Core count and clock speeds are only useful comparisons within the same CPU architecture.
Haswell and PileDriver are not even remotely similar in terms of execution resources per core, in fact, a haswell core, has more execution resources, on a shorter instruction pipeline, with better cache bandwidth and latency, than a piledriver MODULE. Yes, 1 haswell core is more powerful than 2 piledriver cores. More transistors, arranged better.
Hyper-threading is not a technology that makes a core more powerful, it's a technology that lets us get more use out of an already powerful core. A hyperthreaded haswell core and a PileDriver module, both have dual threaded front-ends. The key difference, is that in the hyperthreaded core, any single thread can gain access to ALL of the execution resources in the core. On the PileDriver module, any single thread is confined to be executed on only some of the execution resources in the module (1 of the 2 small cores). In real-world workloads that can't always be made to scale evenly across many threads, the haswell core proves more powerful than a piledriver module, over and over again....

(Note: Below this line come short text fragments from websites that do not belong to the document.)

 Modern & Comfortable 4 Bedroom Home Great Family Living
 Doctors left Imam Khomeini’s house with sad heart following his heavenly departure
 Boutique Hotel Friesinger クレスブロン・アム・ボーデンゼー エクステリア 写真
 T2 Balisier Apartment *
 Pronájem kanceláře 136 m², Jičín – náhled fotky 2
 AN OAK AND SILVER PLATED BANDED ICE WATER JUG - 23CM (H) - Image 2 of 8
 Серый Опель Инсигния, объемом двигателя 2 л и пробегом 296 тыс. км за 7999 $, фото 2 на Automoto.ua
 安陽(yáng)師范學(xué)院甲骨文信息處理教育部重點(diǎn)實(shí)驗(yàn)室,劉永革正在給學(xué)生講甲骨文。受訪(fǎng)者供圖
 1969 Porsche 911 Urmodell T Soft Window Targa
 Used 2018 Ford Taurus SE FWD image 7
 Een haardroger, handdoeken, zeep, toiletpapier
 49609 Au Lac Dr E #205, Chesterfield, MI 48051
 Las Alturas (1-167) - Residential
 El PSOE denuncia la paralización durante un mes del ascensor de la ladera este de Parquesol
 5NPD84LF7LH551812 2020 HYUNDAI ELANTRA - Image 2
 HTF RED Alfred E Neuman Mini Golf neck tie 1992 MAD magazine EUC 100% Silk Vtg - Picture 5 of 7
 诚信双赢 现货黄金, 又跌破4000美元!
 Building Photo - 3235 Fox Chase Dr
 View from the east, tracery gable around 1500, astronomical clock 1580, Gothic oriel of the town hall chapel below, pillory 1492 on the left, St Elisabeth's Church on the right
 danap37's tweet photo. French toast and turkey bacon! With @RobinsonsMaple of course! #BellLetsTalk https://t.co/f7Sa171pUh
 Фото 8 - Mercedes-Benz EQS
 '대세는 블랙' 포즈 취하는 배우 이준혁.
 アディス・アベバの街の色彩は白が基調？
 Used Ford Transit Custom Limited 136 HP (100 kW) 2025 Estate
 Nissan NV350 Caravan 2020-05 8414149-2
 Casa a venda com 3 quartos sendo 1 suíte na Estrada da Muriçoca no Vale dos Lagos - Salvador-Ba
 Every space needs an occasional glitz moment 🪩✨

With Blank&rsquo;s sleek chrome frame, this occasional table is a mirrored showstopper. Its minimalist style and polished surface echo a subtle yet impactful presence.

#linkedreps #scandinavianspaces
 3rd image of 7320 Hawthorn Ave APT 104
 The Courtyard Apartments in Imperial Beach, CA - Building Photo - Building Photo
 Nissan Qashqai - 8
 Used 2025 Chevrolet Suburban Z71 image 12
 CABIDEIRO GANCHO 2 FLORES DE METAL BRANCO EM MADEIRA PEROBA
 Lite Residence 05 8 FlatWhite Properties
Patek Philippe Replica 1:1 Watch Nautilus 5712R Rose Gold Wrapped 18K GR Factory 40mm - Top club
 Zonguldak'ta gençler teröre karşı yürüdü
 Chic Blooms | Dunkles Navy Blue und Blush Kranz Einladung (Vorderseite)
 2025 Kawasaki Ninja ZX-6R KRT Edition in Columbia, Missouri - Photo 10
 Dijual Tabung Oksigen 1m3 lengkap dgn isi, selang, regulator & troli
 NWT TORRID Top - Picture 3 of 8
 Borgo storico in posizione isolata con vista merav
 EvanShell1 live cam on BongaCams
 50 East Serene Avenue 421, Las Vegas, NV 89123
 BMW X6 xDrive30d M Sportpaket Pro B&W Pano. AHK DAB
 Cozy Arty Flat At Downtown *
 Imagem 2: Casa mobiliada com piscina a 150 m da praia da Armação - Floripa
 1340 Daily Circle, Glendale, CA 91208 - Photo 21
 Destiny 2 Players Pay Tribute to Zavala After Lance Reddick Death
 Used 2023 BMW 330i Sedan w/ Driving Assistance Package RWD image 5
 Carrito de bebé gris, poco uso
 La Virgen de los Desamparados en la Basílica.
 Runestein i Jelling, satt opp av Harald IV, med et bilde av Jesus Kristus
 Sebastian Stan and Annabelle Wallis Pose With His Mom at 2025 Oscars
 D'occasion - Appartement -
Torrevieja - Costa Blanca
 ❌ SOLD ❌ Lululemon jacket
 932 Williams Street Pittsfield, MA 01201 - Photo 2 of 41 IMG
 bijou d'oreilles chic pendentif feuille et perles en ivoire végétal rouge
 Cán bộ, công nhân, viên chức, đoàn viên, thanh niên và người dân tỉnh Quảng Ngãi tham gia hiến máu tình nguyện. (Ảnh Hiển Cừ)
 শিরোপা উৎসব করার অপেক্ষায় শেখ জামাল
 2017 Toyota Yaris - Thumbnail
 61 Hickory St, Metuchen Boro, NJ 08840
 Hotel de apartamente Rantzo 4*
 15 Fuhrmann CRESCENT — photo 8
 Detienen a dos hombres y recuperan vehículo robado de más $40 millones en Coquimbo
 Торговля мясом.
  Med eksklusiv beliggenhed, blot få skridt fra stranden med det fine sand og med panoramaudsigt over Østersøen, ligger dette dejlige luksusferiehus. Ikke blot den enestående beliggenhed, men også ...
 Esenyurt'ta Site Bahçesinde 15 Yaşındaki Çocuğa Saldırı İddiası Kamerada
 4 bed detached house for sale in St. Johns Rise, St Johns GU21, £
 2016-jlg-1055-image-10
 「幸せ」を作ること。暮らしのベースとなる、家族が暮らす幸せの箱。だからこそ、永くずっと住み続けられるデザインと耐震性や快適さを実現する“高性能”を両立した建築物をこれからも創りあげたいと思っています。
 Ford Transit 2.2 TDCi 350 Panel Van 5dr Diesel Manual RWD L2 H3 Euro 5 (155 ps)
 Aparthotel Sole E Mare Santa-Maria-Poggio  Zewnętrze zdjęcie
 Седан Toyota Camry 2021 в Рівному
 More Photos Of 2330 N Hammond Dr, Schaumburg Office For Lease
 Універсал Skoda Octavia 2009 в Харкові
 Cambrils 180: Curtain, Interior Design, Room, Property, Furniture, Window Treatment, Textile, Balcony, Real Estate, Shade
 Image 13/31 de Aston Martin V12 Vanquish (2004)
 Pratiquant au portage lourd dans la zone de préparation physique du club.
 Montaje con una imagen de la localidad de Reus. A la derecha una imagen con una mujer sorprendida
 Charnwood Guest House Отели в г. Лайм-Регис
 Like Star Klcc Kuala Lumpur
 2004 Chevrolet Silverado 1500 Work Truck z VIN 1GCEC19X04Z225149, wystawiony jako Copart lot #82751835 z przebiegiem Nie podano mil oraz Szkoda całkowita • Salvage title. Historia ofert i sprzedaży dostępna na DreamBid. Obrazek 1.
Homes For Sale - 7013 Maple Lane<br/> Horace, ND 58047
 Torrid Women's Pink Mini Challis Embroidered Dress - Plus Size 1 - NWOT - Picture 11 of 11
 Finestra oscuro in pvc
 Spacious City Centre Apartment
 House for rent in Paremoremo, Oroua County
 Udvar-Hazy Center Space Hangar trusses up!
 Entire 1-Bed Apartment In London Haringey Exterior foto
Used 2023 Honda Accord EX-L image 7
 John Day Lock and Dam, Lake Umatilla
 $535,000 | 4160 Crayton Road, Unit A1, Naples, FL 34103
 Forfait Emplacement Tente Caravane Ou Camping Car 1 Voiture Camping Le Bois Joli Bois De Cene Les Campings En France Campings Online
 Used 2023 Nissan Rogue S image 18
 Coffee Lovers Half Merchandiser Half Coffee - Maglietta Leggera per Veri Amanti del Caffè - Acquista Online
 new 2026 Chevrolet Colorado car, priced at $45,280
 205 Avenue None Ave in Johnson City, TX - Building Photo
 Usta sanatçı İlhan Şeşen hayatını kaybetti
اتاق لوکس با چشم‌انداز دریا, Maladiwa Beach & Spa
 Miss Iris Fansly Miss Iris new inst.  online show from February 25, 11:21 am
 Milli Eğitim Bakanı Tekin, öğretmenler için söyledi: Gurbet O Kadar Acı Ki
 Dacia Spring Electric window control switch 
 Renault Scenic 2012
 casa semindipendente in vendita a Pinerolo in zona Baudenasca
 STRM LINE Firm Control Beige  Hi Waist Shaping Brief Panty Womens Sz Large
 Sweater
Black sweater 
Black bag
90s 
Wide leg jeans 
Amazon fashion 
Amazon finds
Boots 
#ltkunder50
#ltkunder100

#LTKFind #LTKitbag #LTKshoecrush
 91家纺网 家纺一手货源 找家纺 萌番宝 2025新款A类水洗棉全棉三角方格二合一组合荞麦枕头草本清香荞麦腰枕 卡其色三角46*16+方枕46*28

When compared clock for clock, 1 thread per haswell core (hyperthreaded or not, doesn't matter) vs 1 thread per piledirver module, haswell is ~75% faster.
When compared clock for clock, 2 threads per non-hyperhtreaded haswell core vs 2 threads per piledriver module, they perform the same.
When compared clock for clock, 2 threads per hyperthreaded haswell core vs 2 threads per piledriver module, haswell is ~25% faster.
What this means, is that when we compare an i3-4150 to the FX-6300, the i3 winds up performing better in any workload that presents as 1-4 threads. It isn't until we find a workload that achieves high continuous saturation on 5 threads, that the FX-6300 finally catches up to the performance of the i3, and only when we find a workload that achieves continuous saturation on 6 threads is the FX-6300 finally pulling ahead of the i3-4150 by ~25%. The turbo speeds of the FX-6300 only help mitigate the lightly threaded performance advantage of haswell down to ~50% (from the clock-for-clock advantage of ~75% mentioned before).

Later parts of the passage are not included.